# Given information
-=-=-

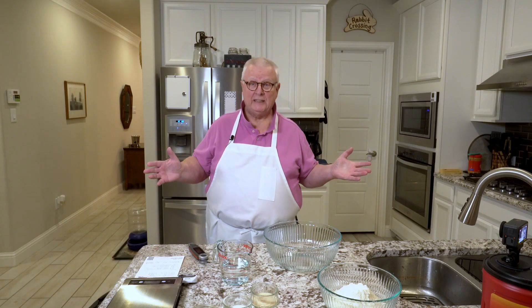Hi, I'm Ralph. Welcome to my kitchen. I am really excited about what we're going to be cooking tonight — pizza. Pizza is one of my favorite food groups. I grew up in the Chicago area, and Chicago loves its pizza.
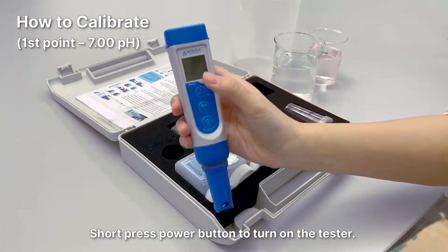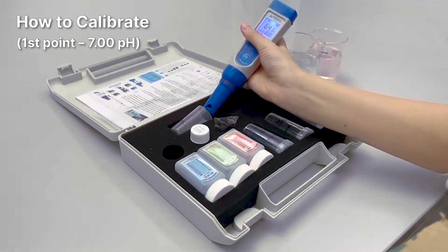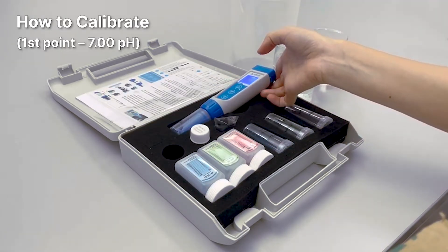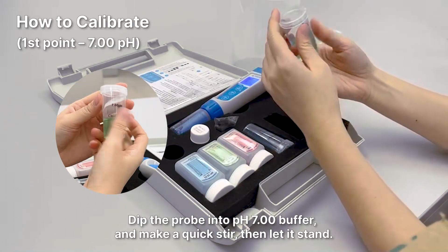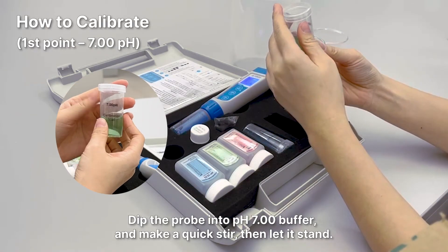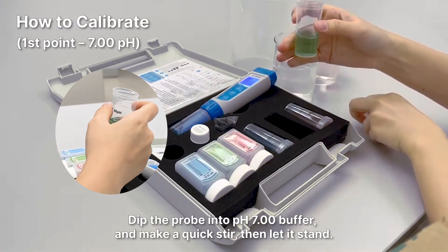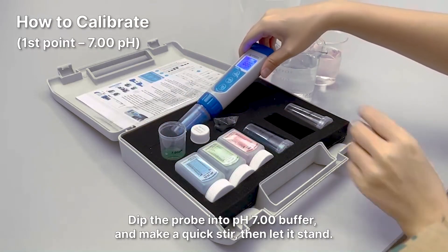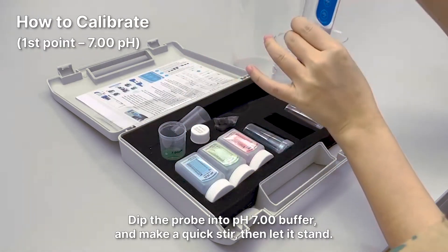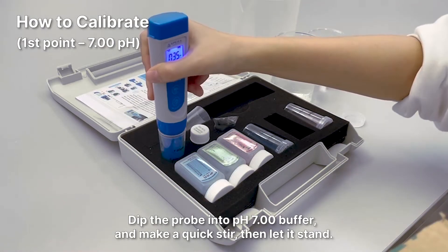Short press the power button to turn on the tester. Dip the probe in the pH 7.00 buffer, make a quick stir, then let it stand.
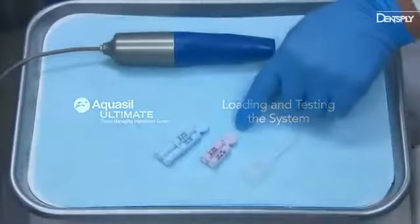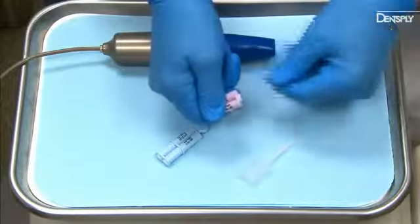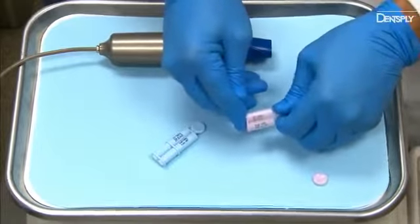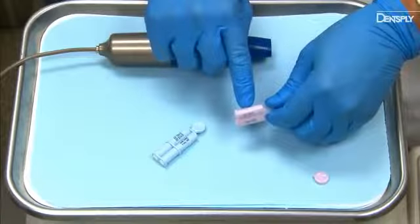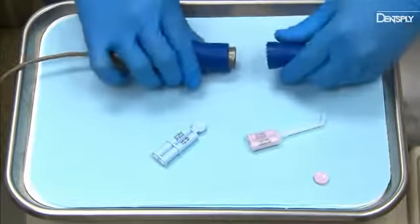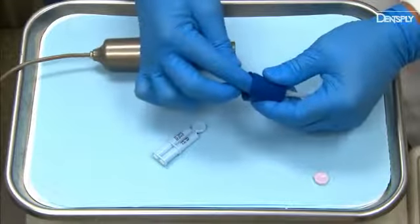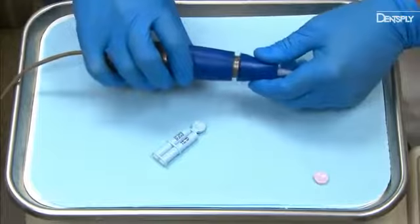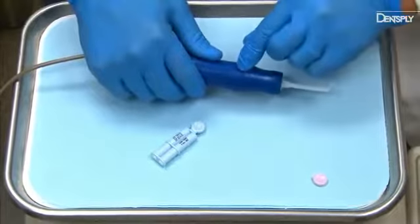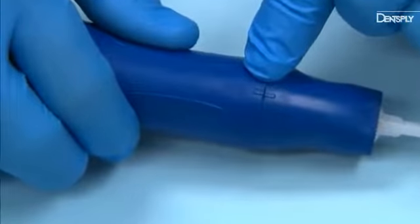To load the DigitPower Dispenser, choose a single or multi-unit cartridge. Snap off the circular disc and slide the cartridge into the mix tip, ensuring it is fully seated. Twist the dispenser cap counter-clockwise and remove the cap. Insert the cartridge with mix tip completely into the cap. Place the cap with the cartridge back onto the dispenser and twist clockwise to secure. Make sure the cap is completely seated with the notches on the cap and the grip aligned.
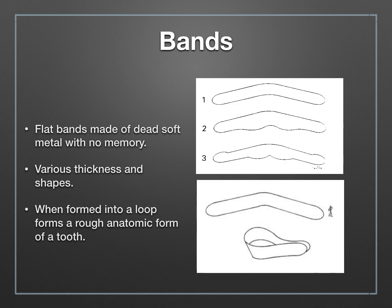The bands are made of a dead soft metal that has absolutely no memory, meaning they won't spring back into shape — once you fold them, they stay folded. They come in various thicknesses and shapes depending on their usage. The ones with little bumps, number two and number three, are specialized matrix bands for subgingival cases. Those bumps extend subgingivally where your gingival margin might be located, to help contain the filling material. The most standard band looks like a boomerang; when you take the two ends and join them together, you create a loop — a cone that mimics the general shape of a tooth.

-=-=-

Exclude all images and return the listing word for word.

Hi, I'm Ralph. Welcome to my kitchen. I am really excited about what we're going to be cooking tonight — pizza. Pizza is one of my favorite food groups. I grew up in the Chicago area, and Chicago loves its pizza.
Short press the power button to turn on the tester. Dip the probe in the pH 7.00 buffer, make a quick stir, then let it stand.
To load the DigitPower Dispenser, choose a single or multi-unit cartridge. Snap off the circular disc and slide the cartridge into the mix tip, ensuring it is fully seated. Twist the dispenser cap counter-clockwise and remove the cap. Insert the cartridge with mix tip completely into the cap. Place the cap with the cartridge back onto the dispenser and twist clockwise to secure. Make sure the cap is completely seated with the notches on the cap and the grip aligned.
The bands are made of a dead soft metal that has absolutely no memory, meaning they won't spring back into shape — once you fold them, they stay folded. They come in various thicknesses and shapes depending on their usage. The ones with little bumps, number two and number three, are specialized matrix bands for subgingival cases. Those bumps extend subgingivally where your gingival margin might be located, to help contain the filling material. The most standard band looks like a boomerang; when you take the two ends and join them together, you create a loop — a cone that mimics the general shape of a tooth.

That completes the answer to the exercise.